Two Books and a Reading

Chuma
On Septeber 26, 2012 I attended a book reading organised by the Writers Project of Ghana at the Goethe Institute dubbed the Ghana Voices Series. There I happened to meet one of Nigeria's great writers Chuma Nwokolo, whose short story Quarterback and Co I read and reviewed in the first edition of the African Roar anthology. If there was an author who was in charge of his work and who read with passion, vigour and complete control, it was Chuma Nwokolo.

I followed Chuma on his facebook page ever when I read that phantasmagorical short story of his and heard of his works, some; however, I never really took the time to search more about him. In fact, after that short story, perhaps because I erroneously thought most of the contributors were new authors, I didn't delve deeper into any of them until recently when his collection of short stories - The Ghost of Sani Abacha - popped up again. Chuma read from this and also from his Diaries of a Dead African and a poem from Memories of Stone. As he read, spurts of laughter irrupted randomly as the participants couldn't contain themselves any longer.

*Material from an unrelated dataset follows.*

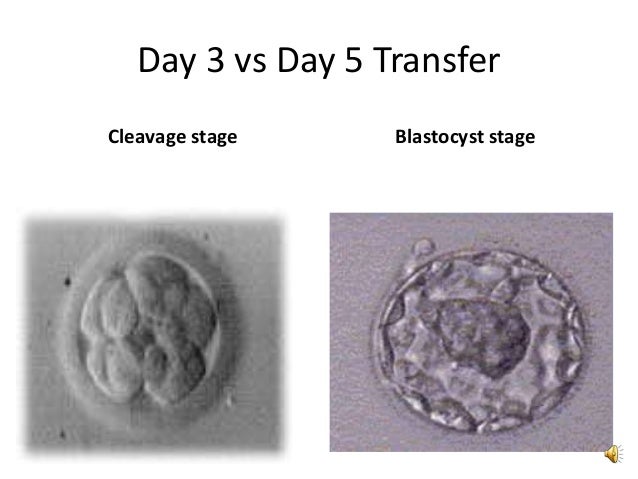 The Ivf Journey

I will say that Chuma is a great writer and an excellent reader. So who wouldn't jump at the opportunity to grab his books and get them autographed? I did; if I regrettably missed the president's - Ghana's President John Mahama - book reading and signing activity on Founder's Day (September 21, 2012), I wasn't going to miss this one. I got the following books:
  1. The Ghost of Sani Abacha: [From the blurb]: A harassed servant plots his grim revenge .... Sheri puts a potential boyfriend to test .... Phiri contends for his civil service career ... and a politician in his finest hour finds himself possessed by a begoggled demon ... 26 stories of life and love in the aftermath of autocracy, delivered with wit and insight by one of Africa's incisive writers...
  2. Diaries of a Dead African: [From the blurb]: [It] explores its life-threatening themes with native humor. Meme Jumai and his two sons - Abel (failed writer) and Calamatus (aspiring conman) - document the final days of their desperate struggle to retain the vanishing shreds of their dignity. At last, Abel's father had died at 50 and his brother at 25. How to outlive them both - without fleeing the very opportunities he had craved all his life...
According to the author The Ghost of Sani Abacha is metaphorical; he describes most countries in Africa as suffering from a post-autocratic stress disorder, where the governed still worship their leaders instead of demanding accountability due to having been under dictatorship for too long. The one-hour programme was stretched to its allowable limits of two because of the fun of the read and the interactions that the reading generated.